One more…

I have seen the headlines of the shooting in Uvalde yesterday.

I have not read the stories.

I started to read one article.  But I closed the web page. My heart couldn’t take it.  I started to cry.  “Lord…Lord…how many more?  How much longer until You return and make all things right?”

I have not written about every ungodly act of violence.  But I have written about violence several times. Most of what I say in those posts still applies today.

I have been thinking numerous things about this event, but my mind (perhaps like yours) keeps coming back to the horribleness and wastefulness of it.  Such tragedy and heartache.  Such brokenness and despair.  How shall we explain it?

I have often said about the sinfulness of mankind that depravity means that no one is as sinful as they could be, but that our sinfulness touches every part of our lives and leaves nothing in us unstained by sin.  And it impacts all of us.  That’s Paul’s point in Romans 3:  “There is none righteous, not even one…all have turned aside…there is none who does good.”  And we have been given yet another example of just how horrible sin is by this shooting.

What provokes someone to act this way?  Evil actions come from evil hearts and evil hearts reflect evil desires. These desires germinate in our hearts and then produce the flower (weed?) of perversity and evil. That’s what the Savior’s half-brother affirms in James 1:14-15. And that’s why Sinclair Ferguson has written, “Evil deeds are the fruit of an evil heart. They are not an aberration from our true self but a revelation of it.” [Grace of Repentance, 23]

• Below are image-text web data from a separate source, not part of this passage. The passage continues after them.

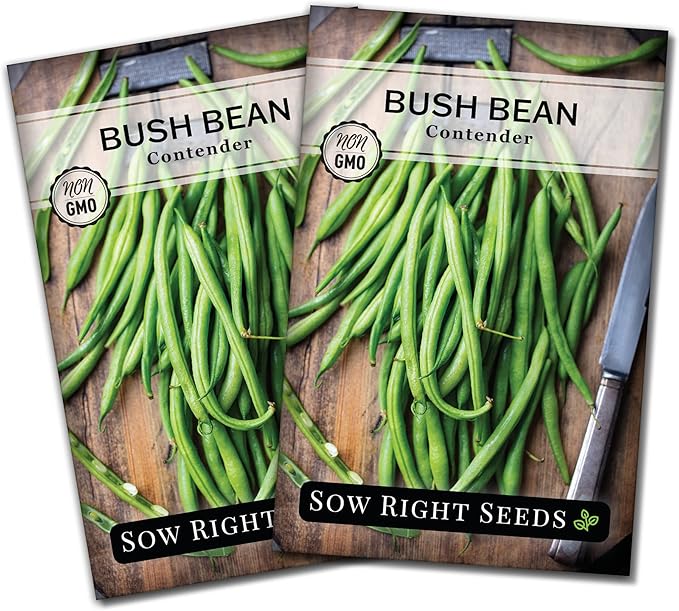 Sow Right Seeds Contender Bush Bean Seeds for Planting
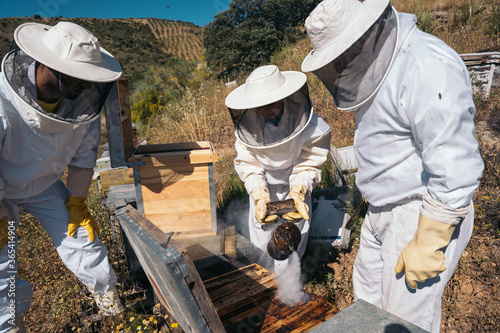 Beekeepers working to collect honey. Organic beekeeping concept.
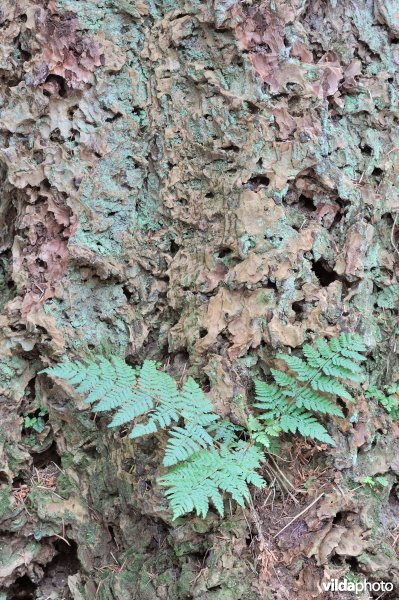 Stekelvaren op schors van Douglas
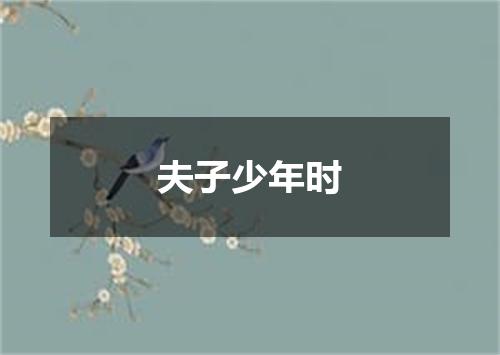 夫子少年时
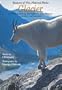 Glacier - Seasons of The National Parks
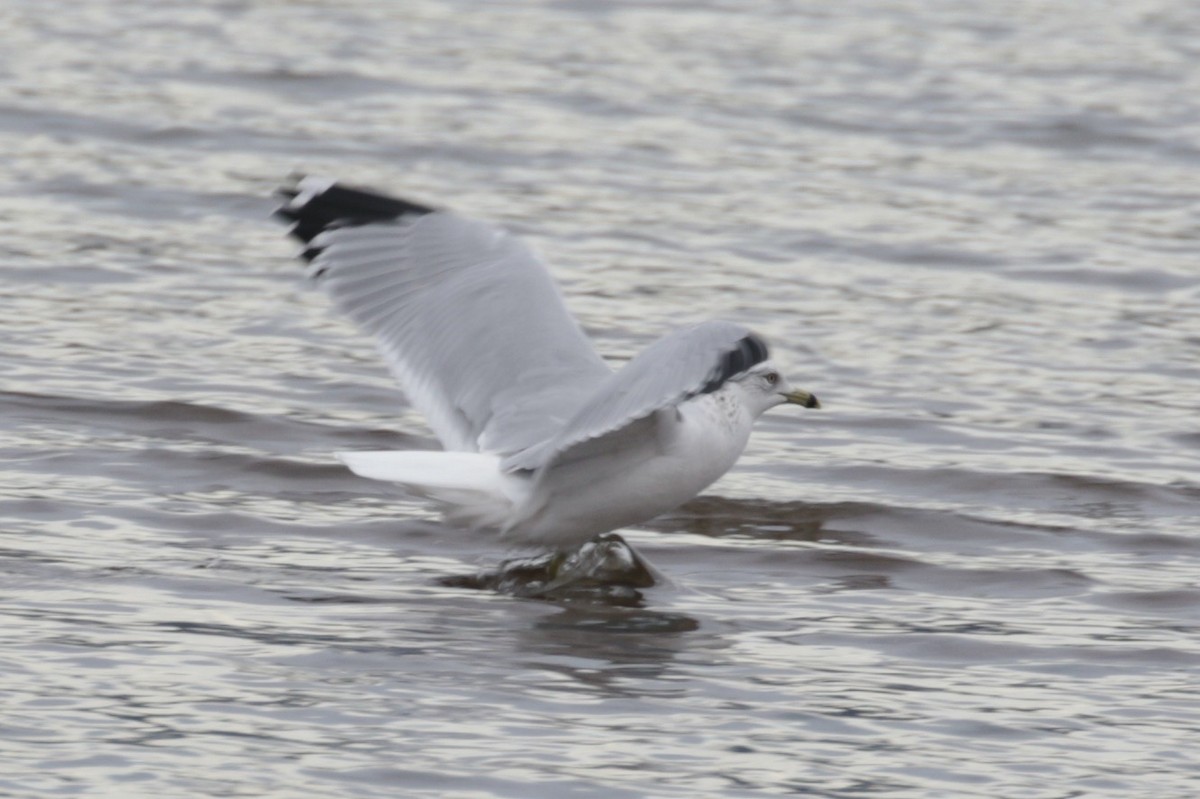 Ring-billed Gull - ML625437176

So what is the hope for today?  (Or is there hope?)

In Romans 3, Paul talks about the violent manifestations of sin, saying about every unredeemed sinner,

“Their feet are swift to shed blood,
Destruction and misery are in their paths,
And the path of peace they have not known.
There is no fear of God before their eyes.”

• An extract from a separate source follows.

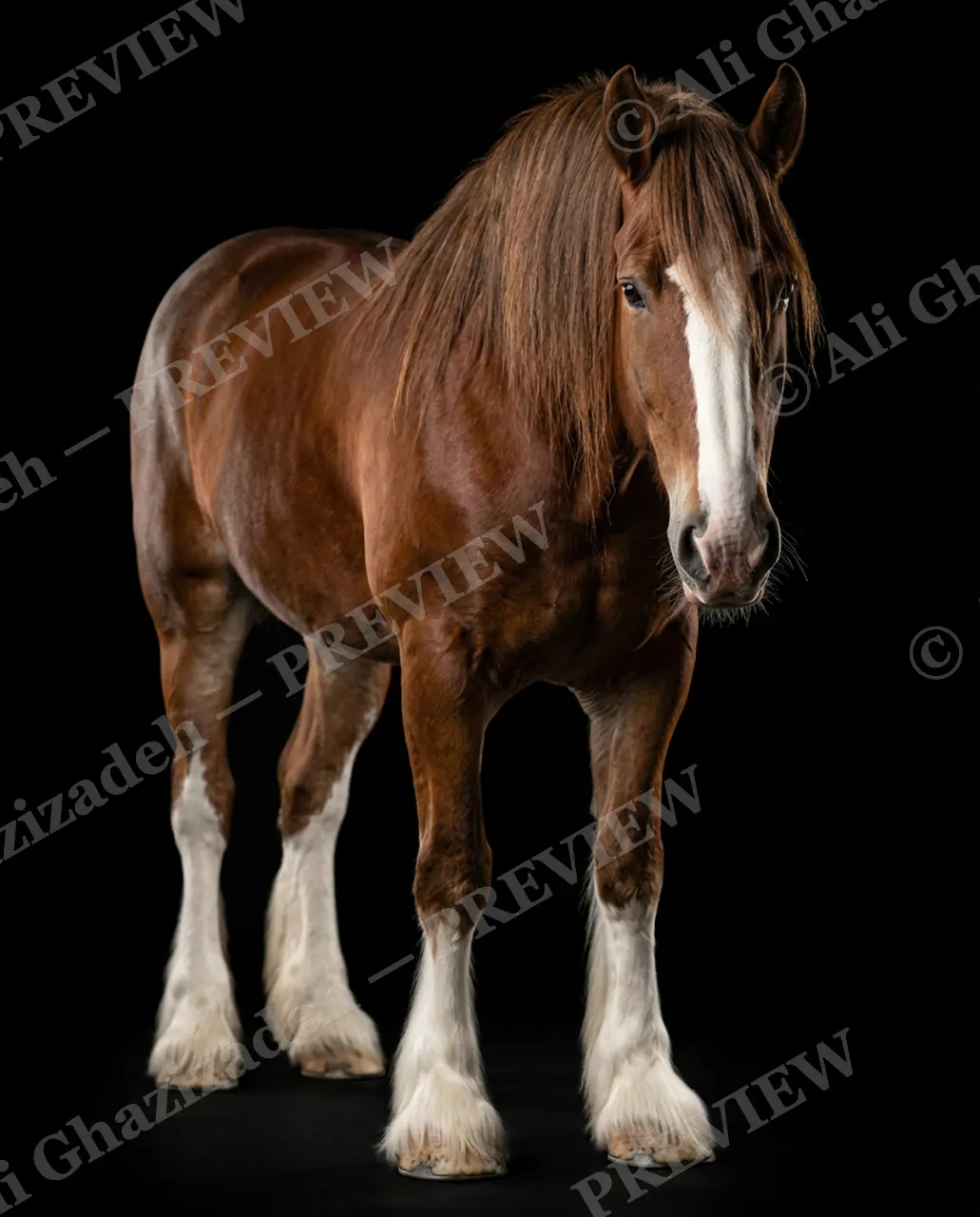 Mane Attraction — Feathered Feet — Horse artwork by Ali Ghazizadeh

The first line is a quotation from Isaiah 59:7.  However, the first verse of that chapter is a helpful reminder for us. It says, “the Lord’s hand is not so short that it cannot save; nor is His ear so dull that it cannot hear.” The Lord is strong enough to produce salvation for any who come to Him in repentance. Isaiah’s point in chapters 57-59 has been to demonstrate that man cannot save himself — not even a Jew under the Abrahamic Covenant. He can’t save himself.

But God can save him!  And God can save the worst of sinners.  And the greatest of sufferers.  He is able to save anyone.

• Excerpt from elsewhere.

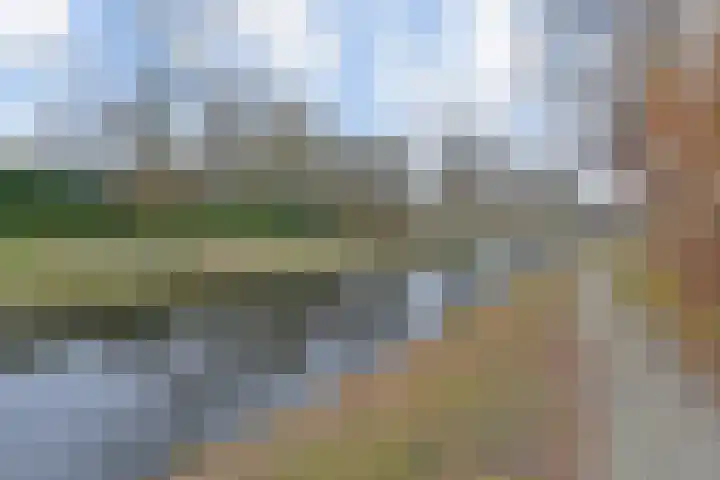 Tjerk Kloostralaan 62 Den Haag thumbnail 24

Isaiah 59:16-19 tells us that there is no one to save and intercede for man, so God did (v. 16b). And He did this through the Redeemer who would come to Israel (v. 20). And this is His eternal promise (v. 21).

What Paul details in Romans 3 and Isaiah demonstrates in Isaiah 59 is all about us. We are all so depraved as to be completely incapable of doing anything righteous (anything that will glorify God) and completely incapable of saving ourselves or making ourselves righteous.

But God has taken pity on us and acted on our behalf! If you are a Christian, give thanks for this grace — even on this day of suffering.  Humbly thank the Lord that not only were you spared from suffering from a violent attack, but that you were spared by His salvation from inflicting a violent attack on others.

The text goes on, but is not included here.